Après un silence, il ajouta :

— Je ne pense pas comme ce sage antique qui nous conseille de cacher notre vie. Je voudrais, au contraire, arracher tous ces masques qui nous pèsent ; je voudrais que la sincérité devînt la vertu première, la loi suprême de l’homme véritablement civilisé. C’est l’hypocrisie qui empoisonne nos existences, c’est la contrainte où nous sommes d’adopter une grimace, de farder nos douleurs et nos joies.

Pour moi, je ne vous ai rien caché, je me suis révélé à vous dans toute la vérité de ma nature, et mon histoire, quand vous la connaîtrez tout entière, vous apparaîtra consolante, car elle enseigne qu’il ne faut jamais désespérer du cœur de la femme ni de l’amour. Si, moi, je fus aimé, qui donc peut se dire qu’il ne le sera pas, un jour ?

Il me demanda de revenir un soir prochain, et nous nous séparâmes.

Ses dernières paroles m’avaient frappé : il avait été aimé, c’était vrai. Sans qu’il m’en eût fait encore la confidence, je savais qu’il avait été l’amant de madame Derive. Là était l’énigme. Il me tardait d’en connaître le mot.

Deux fois, dans la semaine suivante, je l’aperçus qui sortait du cimetière Montmartre, et la curiosité me prit de visiter la tombe de madame Derive. Elle était couverte de roses rouges fraîchement épanouies.

Il y avait maintenant trois mois que nous étions amis, et sa laideur ne me choquait plus. Horrible, épouvantante à première vue, elle disparaissait à la longue, ou plutôt elle cessait d’être une laideur, une fois devenue familière ; il en ressortait un caractère étrange, n’ayant rien de commun avec l’expression d’un visage humain, une sorte de grandeur sinistre, comme celle qui se dégage du théâtre d’un cataclysme. Cette laideur n’avait rien de bas, de grotesque ni de répugnant, comme la plupart des difformités humaines ; elle était tout un drame. Elle effrayait d’abord, elle attirait ensuite, elle soulevait de l’émotion et de la sympathie.

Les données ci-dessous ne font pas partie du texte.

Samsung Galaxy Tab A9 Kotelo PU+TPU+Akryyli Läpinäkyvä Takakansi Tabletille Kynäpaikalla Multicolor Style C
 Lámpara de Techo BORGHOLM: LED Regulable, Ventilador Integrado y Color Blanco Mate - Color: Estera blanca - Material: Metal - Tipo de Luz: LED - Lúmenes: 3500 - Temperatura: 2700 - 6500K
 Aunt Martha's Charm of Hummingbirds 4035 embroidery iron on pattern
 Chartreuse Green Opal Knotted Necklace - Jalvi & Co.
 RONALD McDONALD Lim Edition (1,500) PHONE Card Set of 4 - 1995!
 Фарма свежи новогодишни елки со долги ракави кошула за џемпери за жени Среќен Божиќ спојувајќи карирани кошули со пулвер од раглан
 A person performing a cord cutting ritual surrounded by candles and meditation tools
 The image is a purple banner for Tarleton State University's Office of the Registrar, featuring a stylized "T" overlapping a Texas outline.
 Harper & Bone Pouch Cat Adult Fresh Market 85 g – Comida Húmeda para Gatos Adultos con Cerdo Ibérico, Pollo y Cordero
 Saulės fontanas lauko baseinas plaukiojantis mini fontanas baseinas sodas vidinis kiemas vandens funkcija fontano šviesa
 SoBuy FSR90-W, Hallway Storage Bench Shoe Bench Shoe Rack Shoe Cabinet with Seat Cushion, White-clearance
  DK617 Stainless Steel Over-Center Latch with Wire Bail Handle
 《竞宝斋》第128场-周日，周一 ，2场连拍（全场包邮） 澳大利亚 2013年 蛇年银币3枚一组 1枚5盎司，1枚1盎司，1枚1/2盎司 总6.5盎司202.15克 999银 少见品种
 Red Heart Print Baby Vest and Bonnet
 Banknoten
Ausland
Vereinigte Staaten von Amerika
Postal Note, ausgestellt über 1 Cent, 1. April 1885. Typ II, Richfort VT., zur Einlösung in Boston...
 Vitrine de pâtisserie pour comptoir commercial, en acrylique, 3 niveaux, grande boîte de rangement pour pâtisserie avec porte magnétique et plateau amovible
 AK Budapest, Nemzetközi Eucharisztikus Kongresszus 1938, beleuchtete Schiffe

Il avait été beau, étant enfant… Des choses qui furent belles, il reste toujours un reflet. Même mutilées, leur splendeur ne s’efface jamais complètement. Ce visage dévasté gardait encore le rayonnement de sa beauté première ; elle demeurait dans la qualité du regard ; et la voix était si douce, la main si fine, et il dressait avec tant de grâce le frêle décor de ses rêves déçus, qu’il s’exhalait à la fin, de cette laideur, je ne sais quel charme troublant, quelle poésie de ruines où s’éveille toute la mélancolie des choses disparues. Qu’une femme eût aimé cet homme d’un amour sincère et profond, cela maintenant cessait de me surprendre, cela ne me semblait plus invraisemblable, mais supposait seulement une âme d’élite, une femme extraordinaire, clairvoyante jusqu’à découvrir le trésor caché sous la gangue. Et peut-être y avait-il eu autre chose et plus que de la pitié dans cet amour ; peut-être l’avait-elle aimé à force de pénétration et d’admiration…

Le jeudi suivant, j’allai le revoir, et, sur mes instances, il reprit son histoire.